Failed to read data from the file [D:\[...].8D2023-07-26T204743_9167.vbk].
--tr:Error code: 0x00000143
--tr:Failed to parse metadata stored in slot [528384]
--tr:Unable to load metadata snapshot. Slot: [528384].
--tr:Failed to load metastore
--tr:Failed to load metadata partition. Delayed loading: [0]
Failed to open storage for read/write access.

We tried to create new repository (on the same storage) - didn’t help.
ReFS partition was formatted (yes, backup data are lost) - didn’t help.
The LUN on QNAP was re-created and we are getting the same error.
Yesterday I tired to uninstall Veeam and I made a fresh install on VM.
I didn’t help as well (note: I’ve removed %programdata% files, etc.).

It seems there are still some old parts of backup chains, surprising...
I didn’t find any solution, so maybe you could help? v. 11.0.1.1261

// I saw a topic where someone at the end suggested damaged RAM:
https://forums.veeam.com/microsoft-hyper-v-f25/case-05295340-refs-corruption-issues-t79430.html

icon

Best answer by Chris.Childerhose 27 July 2023, 14:17

View original

10 comments

Userlevel 2

(repository went to RAW once again, formatted it one more time...)

Userlevel 7
Badge +20

The RAW issue is a Microsoft update that causes it. If you deleted files manually from the repository then you will need to run an active full to start a new chain. Deletion of files manually is a no no with Veeam as it causes broken chains. You need to use the console to do this stuff and delete retention points.

Userlevel 7
Badge +17

Yes, though you performed all those troubleshooting steps, the problem lies with the Repository itself, specifically the fs on the Volume, not necessarily with Veeam.

As Chris stated, this is moreso a problem of Microsoft and their updates. There was a pretty extensive post here on this topic. There was also a reference in a forum thread on how someone was able to recover their data with the Windows 2019 refsutil tool. This person did a decent blog about it and how it helped them recover their data, using this article as an assistance.

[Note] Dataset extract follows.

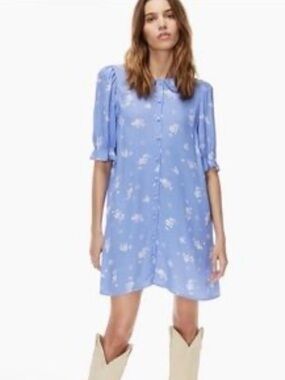 Wilfred Blue Floral Button-Down Mini Dress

Also as Chris stated, indeed manually deleting your files causes all kinds of problems and makes your recoverability from the given backup job null and void. I find it odd though once you recreate/reformat the Volume you’re still having this issue. Personally, I’m not familiar with QNAP, but I did notice from the forum post I shared above using QNAP and LACP instead of MPIO on the Volume can lead to this type of behavior as well. Did you enable MPIO on the Volume in Windows? You first may need to add the ‘Feature’ in Windows then configure it.

Userlevel 7
Badge +6

(repository went to RAW once again, formatted it one more time...)

 

Are you on a virtual machine, and using ESXI as your hypervisor?  There are a few windows updates that can cause this top happen, but uninstalling the patch just gets you back from RAW to REFS temporarily until the patch is reinstalled down the road.  The solid solution is to disable hot-add/hot-plug on that VM.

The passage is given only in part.